L'ha detto Lara, 5 ottobre 2006 alle 16.57
Io li odio gli svizzeri :-)
(A proposito, ti avanza mica un lavoro da quelle parti ? ;-)
L'ha detto Carlo, 5 ottobre 2006 alle 17.06
Il tuo PC IBM, ma anche quello costruito sotto casa, ha un alimentatore ed un cavo di alimentazione con un connettore che da noi si chiama CEI C15 oppure C5 da un lato e la tua bella spina come la vuoi dall'altra. In tutte le parti del mondo puoi trovare un nuovo cavo di alimentazione con connettore C15 oppure C5 e dall'altra parte la spina che ti piace di piu'. Non e' piu' semplice, più sicuro e piu' economico che mettere le mani sul TUO cavo di alimentazione ? Lo spirito che ha spinto IBM ad usare nei vari paesi solo ed esclusivamente spine omologate in quel paese e' la "legge" che non tutti seguono. Questa e' la ragione perche' i vari costruttori di apparecchiature
usano cavi staccabili mediante un connettore standardizzato in tutto il mondo. Per poter cambiare il cavo se serve. Ciao
L'ha detto Nevio, 6 febbraio 2007 alle 16.46
Nevio, perdona se, non solo come ex dirigente IBM, sorrido: ti assicuro che conosco molto bene "in tutte le parti del mondo" di cui tu parli, e il maledetto pezzo di cavo IBM non l'ho *mai* trovato. Nemmeno a Tokyo, per dire :-)

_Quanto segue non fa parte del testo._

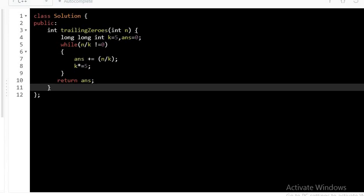Note that we have taken long long int as n can be very large and my k can overflow. So to be on safer side, it is better to take long long int.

Non so se hai presente. ma il connettore del cavo IBM al pezzo con il trasformatore *NON* è standard, a differenza del pc costruito sotto casa mia, come dici tu.
Da qualche mese ho abbandonato il mio Thinkpad (forse c'è anche una sorta di vendetta ;-) e sono passato ad un Dell. Non ho più alcun problema, non solo perchè il C5 è standard, ma perchè è a due poli e quindi mi va bene almeno nel 50% dei paesi che visito, Europa intera inclusa.